### WORK TO COMPLETE
Restate verbatim the span of lines below between the line with "Hold up…ain’t no" and the line with "Renta departamento en", including those two lines, and only that span.
======== SOURCE INFORMATION
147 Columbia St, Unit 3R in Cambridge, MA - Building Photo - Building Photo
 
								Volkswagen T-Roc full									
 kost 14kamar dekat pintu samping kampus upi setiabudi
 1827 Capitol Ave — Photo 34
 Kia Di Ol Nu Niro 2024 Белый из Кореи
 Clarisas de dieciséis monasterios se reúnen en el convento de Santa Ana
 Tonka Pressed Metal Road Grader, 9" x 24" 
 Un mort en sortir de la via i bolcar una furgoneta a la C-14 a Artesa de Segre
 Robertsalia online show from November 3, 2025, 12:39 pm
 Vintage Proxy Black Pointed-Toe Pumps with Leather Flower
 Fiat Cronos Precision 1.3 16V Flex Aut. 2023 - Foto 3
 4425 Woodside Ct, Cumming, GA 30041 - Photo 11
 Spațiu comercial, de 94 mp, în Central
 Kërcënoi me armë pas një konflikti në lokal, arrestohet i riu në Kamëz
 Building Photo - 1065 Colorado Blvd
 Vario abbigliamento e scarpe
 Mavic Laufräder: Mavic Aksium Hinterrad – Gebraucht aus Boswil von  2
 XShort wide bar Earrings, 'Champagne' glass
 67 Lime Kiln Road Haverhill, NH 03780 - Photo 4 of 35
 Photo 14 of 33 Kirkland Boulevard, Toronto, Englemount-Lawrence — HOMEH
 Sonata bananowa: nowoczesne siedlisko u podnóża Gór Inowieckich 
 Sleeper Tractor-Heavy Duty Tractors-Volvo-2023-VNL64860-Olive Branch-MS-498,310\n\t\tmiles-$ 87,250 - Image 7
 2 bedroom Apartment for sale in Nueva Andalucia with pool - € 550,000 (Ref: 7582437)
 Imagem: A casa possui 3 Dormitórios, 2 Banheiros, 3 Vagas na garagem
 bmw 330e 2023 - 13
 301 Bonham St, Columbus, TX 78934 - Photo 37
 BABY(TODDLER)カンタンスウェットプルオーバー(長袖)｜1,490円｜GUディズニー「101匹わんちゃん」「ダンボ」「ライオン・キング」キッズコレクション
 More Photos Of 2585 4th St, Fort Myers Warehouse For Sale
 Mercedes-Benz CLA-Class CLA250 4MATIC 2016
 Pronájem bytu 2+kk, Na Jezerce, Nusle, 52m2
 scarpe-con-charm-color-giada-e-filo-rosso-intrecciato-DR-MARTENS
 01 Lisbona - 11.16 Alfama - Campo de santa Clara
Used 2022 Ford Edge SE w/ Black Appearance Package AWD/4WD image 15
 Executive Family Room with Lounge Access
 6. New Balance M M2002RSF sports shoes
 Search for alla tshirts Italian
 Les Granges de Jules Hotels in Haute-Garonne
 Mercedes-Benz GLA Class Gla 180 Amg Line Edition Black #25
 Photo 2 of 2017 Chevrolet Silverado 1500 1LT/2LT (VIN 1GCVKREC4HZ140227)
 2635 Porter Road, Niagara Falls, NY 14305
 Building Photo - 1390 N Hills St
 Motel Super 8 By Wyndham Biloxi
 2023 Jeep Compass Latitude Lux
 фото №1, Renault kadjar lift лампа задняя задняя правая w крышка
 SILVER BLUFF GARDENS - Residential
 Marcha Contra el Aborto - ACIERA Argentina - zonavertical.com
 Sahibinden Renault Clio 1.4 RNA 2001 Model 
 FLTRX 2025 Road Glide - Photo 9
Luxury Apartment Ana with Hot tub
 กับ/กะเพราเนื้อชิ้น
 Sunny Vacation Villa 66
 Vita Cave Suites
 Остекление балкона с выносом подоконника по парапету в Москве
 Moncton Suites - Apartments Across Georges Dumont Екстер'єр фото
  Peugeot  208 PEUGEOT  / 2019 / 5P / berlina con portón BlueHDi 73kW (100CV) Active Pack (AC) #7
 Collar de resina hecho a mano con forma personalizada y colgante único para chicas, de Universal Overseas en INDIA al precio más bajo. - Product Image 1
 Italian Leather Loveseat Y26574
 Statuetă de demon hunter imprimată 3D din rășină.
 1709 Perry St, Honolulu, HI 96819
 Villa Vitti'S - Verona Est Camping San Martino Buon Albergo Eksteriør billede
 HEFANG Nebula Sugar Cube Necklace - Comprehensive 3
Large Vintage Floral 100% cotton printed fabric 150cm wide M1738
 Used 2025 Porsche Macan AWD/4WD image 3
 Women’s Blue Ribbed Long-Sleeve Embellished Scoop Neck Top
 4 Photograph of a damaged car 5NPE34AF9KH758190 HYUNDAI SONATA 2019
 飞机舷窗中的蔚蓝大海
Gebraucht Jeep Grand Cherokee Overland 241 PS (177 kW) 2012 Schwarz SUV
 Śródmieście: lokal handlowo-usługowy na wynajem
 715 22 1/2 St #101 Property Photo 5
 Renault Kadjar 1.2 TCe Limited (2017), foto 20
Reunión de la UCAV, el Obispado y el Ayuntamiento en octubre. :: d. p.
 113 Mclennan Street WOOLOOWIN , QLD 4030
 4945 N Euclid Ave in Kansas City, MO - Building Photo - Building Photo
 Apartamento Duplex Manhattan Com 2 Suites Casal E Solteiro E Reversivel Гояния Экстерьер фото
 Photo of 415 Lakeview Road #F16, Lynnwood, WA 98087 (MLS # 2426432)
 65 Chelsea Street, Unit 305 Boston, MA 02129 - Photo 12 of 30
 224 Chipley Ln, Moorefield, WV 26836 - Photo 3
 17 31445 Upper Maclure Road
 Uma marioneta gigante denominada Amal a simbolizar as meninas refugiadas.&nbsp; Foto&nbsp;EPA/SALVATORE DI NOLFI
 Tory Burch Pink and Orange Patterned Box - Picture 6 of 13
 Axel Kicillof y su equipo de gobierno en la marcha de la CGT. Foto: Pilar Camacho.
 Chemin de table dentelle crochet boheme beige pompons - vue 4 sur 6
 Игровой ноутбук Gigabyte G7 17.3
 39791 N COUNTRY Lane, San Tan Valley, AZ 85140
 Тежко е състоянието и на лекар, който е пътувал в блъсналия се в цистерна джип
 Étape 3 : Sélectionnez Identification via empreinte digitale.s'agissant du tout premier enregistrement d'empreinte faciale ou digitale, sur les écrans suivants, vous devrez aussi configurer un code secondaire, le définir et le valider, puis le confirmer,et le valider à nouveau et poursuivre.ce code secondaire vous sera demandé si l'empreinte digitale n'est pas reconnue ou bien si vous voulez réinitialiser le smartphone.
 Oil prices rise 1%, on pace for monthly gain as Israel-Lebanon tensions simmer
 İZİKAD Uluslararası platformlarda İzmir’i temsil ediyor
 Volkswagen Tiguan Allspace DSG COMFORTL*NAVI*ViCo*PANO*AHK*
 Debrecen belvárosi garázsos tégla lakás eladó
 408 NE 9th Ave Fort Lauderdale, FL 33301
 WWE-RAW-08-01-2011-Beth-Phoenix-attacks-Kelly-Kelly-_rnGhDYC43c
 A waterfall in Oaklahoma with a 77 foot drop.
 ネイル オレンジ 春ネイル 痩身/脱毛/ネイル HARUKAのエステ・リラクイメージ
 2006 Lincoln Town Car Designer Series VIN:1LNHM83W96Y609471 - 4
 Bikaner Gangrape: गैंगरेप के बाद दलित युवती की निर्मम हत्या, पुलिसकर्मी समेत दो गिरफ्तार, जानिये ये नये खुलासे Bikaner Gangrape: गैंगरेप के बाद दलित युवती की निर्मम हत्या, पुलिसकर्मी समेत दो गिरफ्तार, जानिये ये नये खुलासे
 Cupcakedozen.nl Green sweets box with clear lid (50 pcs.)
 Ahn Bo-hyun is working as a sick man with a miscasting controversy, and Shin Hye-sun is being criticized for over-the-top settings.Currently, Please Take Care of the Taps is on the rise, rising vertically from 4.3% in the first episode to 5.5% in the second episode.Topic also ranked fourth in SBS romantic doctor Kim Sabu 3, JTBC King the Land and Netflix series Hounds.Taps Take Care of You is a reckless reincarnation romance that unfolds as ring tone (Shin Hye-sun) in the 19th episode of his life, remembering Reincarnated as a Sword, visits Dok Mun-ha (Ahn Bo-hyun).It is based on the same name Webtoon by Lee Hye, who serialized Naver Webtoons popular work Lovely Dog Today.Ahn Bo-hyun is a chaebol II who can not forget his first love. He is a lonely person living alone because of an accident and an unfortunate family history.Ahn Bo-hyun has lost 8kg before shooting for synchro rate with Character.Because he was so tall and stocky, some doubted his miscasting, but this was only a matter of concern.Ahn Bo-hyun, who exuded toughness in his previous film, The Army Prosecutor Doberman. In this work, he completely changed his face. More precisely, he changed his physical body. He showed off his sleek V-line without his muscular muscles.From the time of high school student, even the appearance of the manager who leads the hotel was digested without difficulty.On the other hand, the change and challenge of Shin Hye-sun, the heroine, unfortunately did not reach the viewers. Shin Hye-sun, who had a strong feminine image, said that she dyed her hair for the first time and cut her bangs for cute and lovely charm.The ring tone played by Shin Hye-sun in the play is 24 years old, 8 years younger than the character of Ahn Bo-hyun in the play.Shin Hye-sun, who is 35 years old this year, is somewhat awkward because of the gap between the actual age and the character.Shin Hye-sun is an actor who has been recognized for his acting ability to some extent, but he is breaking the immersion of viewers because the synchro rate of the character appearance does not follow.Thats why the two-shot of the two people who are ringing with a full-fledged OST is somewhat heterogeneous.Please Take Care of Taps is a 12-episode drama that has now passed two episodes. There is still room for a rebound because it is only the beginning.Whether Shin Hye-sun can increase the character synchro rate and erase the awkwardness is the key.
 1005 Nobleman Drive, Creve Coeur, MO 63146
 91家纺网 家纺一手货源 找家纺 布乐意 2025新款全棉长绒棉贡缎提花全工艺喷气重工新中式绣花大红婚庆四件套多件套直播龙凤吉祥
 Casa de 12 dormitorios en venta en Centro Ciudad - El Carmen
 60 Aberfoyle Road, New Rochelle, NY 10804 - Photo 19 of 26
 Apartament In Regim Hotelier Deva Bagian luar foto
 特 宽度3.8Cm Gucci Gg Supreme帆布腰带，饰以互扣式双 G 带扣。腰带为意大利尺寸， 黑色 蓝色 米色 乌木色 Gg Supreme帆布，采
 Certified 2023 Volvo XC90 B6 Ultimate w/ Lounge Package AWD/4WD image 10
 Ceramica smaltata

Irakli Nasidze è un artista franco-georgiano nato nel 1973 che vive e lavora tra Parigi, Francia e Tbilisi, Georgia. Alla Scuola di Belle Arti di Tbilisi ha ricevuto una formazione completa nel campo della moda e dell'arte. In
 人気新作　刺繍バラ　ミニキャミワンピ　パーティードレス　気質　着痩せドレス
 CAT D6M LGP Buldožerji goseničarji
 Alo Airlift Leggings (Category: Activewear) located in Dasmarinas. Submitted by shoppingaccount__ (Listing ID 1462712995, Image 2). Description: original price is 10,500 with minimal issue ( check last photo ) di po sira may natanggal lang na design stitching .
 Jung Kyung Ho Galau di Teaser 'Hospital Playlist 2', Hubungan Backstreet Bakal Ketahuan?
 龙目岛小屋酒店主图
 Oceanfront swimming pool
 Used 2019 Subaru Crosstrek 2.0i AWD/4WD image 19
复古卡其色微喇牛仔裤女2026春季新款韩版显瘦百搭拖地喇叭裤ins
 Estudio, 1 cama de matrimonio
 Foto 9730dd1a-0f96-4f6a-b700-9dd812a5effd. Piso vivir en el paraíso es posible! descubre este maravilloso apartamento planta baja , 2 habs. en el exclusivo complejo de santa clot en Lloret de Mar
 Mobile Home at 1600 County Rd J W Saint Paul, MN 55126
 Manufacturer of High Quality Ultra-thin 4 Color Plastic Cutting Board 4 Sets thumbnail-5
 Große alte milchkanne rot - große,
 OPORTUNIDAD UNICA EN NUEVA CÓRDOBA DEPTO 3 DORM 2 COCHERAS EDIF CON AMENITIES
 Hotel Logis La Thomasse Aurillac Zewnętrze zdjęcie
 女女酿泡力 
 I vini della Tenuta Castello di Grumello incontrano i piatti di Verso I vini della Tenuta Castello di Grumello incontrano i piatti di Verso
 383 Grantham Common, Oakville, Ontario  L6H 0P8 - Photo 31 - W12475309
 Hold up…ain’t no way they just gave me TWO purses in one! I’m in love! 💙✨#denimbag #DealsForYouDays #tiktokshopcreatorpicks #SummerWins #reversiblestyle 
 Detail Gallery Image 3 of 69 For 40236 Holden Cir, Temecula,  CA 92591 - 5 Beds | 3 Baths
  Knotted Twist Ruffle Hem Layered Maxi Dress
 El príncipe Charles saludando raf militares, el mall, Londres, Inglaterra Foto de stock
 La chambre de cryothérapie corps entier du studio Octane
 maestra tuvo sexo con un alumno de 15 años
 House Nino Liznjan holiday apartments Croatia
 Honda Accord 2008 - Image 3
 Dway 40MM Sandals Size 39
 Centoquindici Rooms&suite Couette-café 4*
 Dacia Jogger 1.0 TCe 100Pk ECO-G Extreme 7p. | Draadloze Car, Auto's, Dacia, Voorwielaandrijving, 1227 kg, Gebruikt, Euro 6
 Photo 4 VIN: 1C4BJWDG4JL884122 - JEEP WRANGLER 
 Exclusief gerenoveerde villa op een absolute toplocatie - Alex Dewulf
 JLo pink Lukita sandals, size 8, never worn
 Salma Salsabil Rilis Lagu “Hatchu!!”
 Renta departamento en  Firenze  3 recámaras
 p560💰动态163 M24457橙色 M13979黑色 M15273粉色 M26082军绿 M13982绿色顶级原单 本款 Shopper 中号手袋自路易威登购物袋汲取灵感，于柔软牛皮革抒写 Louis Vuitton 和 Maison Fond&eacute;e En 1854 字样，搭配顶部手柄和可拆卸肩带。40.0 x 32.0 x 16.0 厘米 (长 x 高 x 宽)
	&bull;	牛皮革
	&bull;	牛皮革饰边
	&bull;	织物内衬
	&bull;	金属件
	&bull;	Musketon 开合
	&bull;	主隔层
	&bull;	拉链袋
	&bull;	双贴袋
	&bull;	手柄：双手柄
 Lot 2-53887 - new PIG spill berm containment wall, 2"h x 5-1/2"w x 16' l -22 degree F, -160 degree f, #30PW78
================
### EXERCISE OUTPUT
 Hold up…ain’t no way they just gave me TWO purses in one! I’m in love! 💙✨#denimbag #DealsForYouDays #tiktokshopcreatorpicks #SummerWins #reversiblestyle 
 Detail Gallery Image 3 of 69 For 40236 Holden Cir, Temecula,  CA 92591 - 5 Beds | 3 Baths
  Knotted Twist Ruffle Hem Layered Maxi Dress
 El príncipe Charles saludando raf militares, el mall, Londres, Inglaterra Foto de stock
 La chambre de cryothérapie corps entier du studio Octane
 maestra tuvo sexo con un alumno de 15 años
 House Nino Liznjan holiday apartments Croatia
 Honda Accord 2008 - Image 3
 Dway 40MM Sandals Size 39
 Centoquindici Rooms&suite Couette-café 4*
 Dacia Jogger 1.0 TCe 100Pk ECO-G Extreme 7p. | Draadloze Car, Auto's, Dacia, Voorwielaandrijving, 1227 kg, Gebruikt, Euro 6
 Photo 4 VIN: 1C4BJWDG4JL884122 - JEEP WRANGLER 
 Exclusief gerenoveerde villa op een absolute toplocatie - Alex Dewulf
 JLo pink Lukita sandals, size 8, never worn
 Salma Salsabil Rilis Lagu “Hatchu!!”
 Renta departamento en  Firenze  3 recámaras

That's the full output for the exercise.